Of course we want to promote healthy skeptical attitudes ("healthy" being a key word here, but that's another post) in the general public. Skepticism is a critical part of the scientific mindset, and a properly skeptical outlook allows one to - essentially - not waste time and energy believing statements that aren't likely to be true.

But the application of that skeptical mindset can lead to more problems than it solves, especially when it comes to science communication. When does a debate become an argument? When it gets personal; when it shifts from discussing the relative merits or demerits of a particular position to the rightness or wrongness of what one believes. Once that shift happens, we haven't hit the iceberg yet...but it's hard to turn that ship around. If we're actually trying to educate, persuade, or inform, we're basically done.

Here's the problem: skepticism isn't a measure of the truthfulness of a statement, but its believability. It's perfectly acceptable to say "I don't believe that statement, but that doesn't make you wrong." Go ahead, try it out, it won't hurt. Statements can be 100% absolutely true but not able to be believed because of lack of evidence, and we all have different thresholds.

This shifts the discussion from things that a person might hold near and dear to their heart - and thus will righteously defend - back to the realm of the abstract. In this case, the nature of evidentiary standards.

In short, a skeptical person ought to be known having a high bar for believing statements, but it's nothing personal, and they won't hold it against you.

I don't know how, when, or why this myth emerged that Einstein was a poor or lazy student, or that he valued the creative side of humanity over the analytical. Perhaps it's because Einstein himself often downplayed his own mathematical prowess and emphasized the power of imagination. Perhaps it's because Einstein's genius is so unattainable to us mere mortals that we have to comfort ourselves otherwise we feel eternally insignificant.

It is true that Einstein was remarkably creative. One could safely argue that some of his contemporaries were at least as smart as the man himself, but nobody else thought the same way he did. He made brilliant and unparalleled leaps of insight, discovering hidden relationships with his favorite trick: the thought experiment. By imagining some scenario (racing a beam of light, falling off a tall tower, and so on) he was able to make astounding advances in our understanding of nature.

But while thought experiments begin with creative thinking, they don't end there. Missing from the typical narrative is the exceedingly competent analytical mind that Einstein brought to the problems. He followed his thought experiments to their logical ends, and worked to express those creative insights in the language of mathematics.

It took Einstein seven years of dogged pursuit to go from simple thought experiments to General Relativity, our modern theory of gravity. Those years were full of blind alleys, wrong turns, stubborn biases that held him back, misgivings and unease about the results, and mathematics so advanced that few people could even keep up. And through it all persistence, persistence, persistence.

So I think the lesson here is that the key to success isn't just creativity. That is essential, for sure, but not the only ingredient. You also need to add to the mix some critical thinking, logic, analytics, and perseverance. Then you'll find the potent concoction that made Einstein so remarkable.

You've probably encountered the phrase "extraordinary claims require extraordinary evidence." Well, it's not just some pithy saying that relieves you of the burden of having to believe every random statement you might encounter in your life. It's actually a handy summary of a very powerful approach to statistics.

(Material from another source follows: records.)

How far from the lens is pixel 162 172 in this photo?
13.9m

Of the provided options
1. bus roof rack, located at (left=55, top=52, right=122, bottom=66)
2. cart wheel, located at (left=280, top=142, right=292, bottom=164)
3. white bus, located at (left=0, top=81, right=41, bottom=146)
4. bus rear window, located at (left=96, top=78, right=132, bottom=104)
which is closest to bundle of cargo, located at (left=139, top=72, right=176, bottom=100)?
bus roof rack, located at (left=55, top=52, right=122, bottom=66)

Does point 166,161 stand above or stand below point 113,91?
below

The heart here is something called Bayes' theorem, named after the Reverend Thomas Bayes, who was kicking around cool ideas in the first half of the eighteenth century. It relates some statement you're trying to test ("giant stars die as supernovas", "jelly beans cause cancer", "aliens visit Earth because their star exploded and they're going to steal our jelly beans", etc.) to the individual probabilities of each component (the number of stars you observe dying, the number of people eating jelly beans, and so on).

Of course I'm radically simplifying this, but the key takeaway is that Bayesian statistics folds in your existing knowledge of the problem directly into the math, and provides a way to create outcomes that are an updated view of the world based on any new information or experiments. Thus if you don't have a lot of info already, a quick experiment can start to point you in the right direction. But if there is already a huge amount of knowledge about a relationship, it will take a tremendous amount of good evidence to change that perspective.

Unfortunately while simple to state the application of Bayesian statistics gets really complicated really fast, and it's only recently that we've had the computational power to crunch through the intense calculations involved. Which is good. The more we move away from simple-to-apply but simple-to-abuse methods (*cough* p-values *cough*), the better.